Parallel: For parallel viewing (left eye sees left image, right sees right image)

Cross-eyed: For cross-eyed viewing (left eye sees right image and vice versa) - useful to check the effect if you do not have a 3D device.

output_type

SBS: Outputs a standard side-by-side stereoscopic image with separate left and right views. Suitable for VR headsets, 3D TVs, cross-eyed or parallel free-viewing. The image is split in half horizontally: left eye image on the left, right eye image on the right (or reversed if using cross-eyed mode).

Anaglyph: Outputs a single red-cyan composite image that encodes stereo depth using color channels. The left eye is mapped to red, and the right eye is mapped to green/blue (cyan). This format is viewable with red-cyan 3D glasses and is ideal for quick previewing on standard monitors without special hardware.

depth_blur_strength: Controls how much to blur the depth map transitions (3-33, odd values only).

Lower values for sharper depth separation between objects or layers.

Higher values for smoother transitions between depth planes, though this may introduce some distortion in some images.

temporal_smoothing: Controls smoothing between frames (0.0-0.5). Higher values create more consistent depth perception between frames but may reduce responsiveness to rapid depth changes.

batch_size: Number of video frames to process at once. higher = more memory usage.

</details>

About Cross-eyed Mode

Cross-eyed mode is primarily used for viewing stereoscopic 3D images on a regular 2D screen without needing any special equipment.

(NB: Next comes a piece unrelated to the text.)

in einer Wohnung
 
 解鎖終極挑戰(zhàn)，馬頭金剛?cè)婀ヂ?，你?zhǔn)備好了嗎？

Here's how it is used:

With Parallel, the left-eye image feeds the left eye, and the right-eye image feeds the right eye.

But with Cross-eyed, this is flipped it places the left-eye image on the right side and the right-eye image on the left side.

When you cross your eyes, each eye ends up looking at the correct image, and your brain fuses them into a 3D image which will appear centered. If done correctly, that middle image will appear 3D without the need for a VR headset or 3D glasses.

More Information here

Generating Depth Maps

I would highly recommend using depth maps generated by Depth-Anything V2. You can use MiDaS but DepthAnything V2 produces more dense, higher-fidelity depth maps and tends to preserve sharper edges and fine structures better which I feel are better suited for situations where accurate object boundaries and separation matter more.

DepthAnythingV2 vs MiDaS

The included workflows both use Kijai's DepthAnythingV2 custom nodes. As a starting point I would recommend using the depth_anything_v2_vitl_fp16 variant of the model which isn't too big at 1.3GB

Formats and Aspect Ratios

Note that some 3D viewer apps will interpret square aspect ratios per eye as VR180 format. For example in ImmerGallery, you can force the format by suffixing the filename with _LR, or you can modify the image via its menu.

Sample SBS Images & Videos

You can find and download sample SBS images and videos generated from these custom nodes here, Transfer them to your device and check them out. Below are some examples.

car

woman1

kitten

Image credits: Pixabay

Viewing Devices

If you are creating sbs images or video clips then it is assumed that you already have a viewing device and software. In any case, what I have been using is the Quest 3 with the immerGallery software.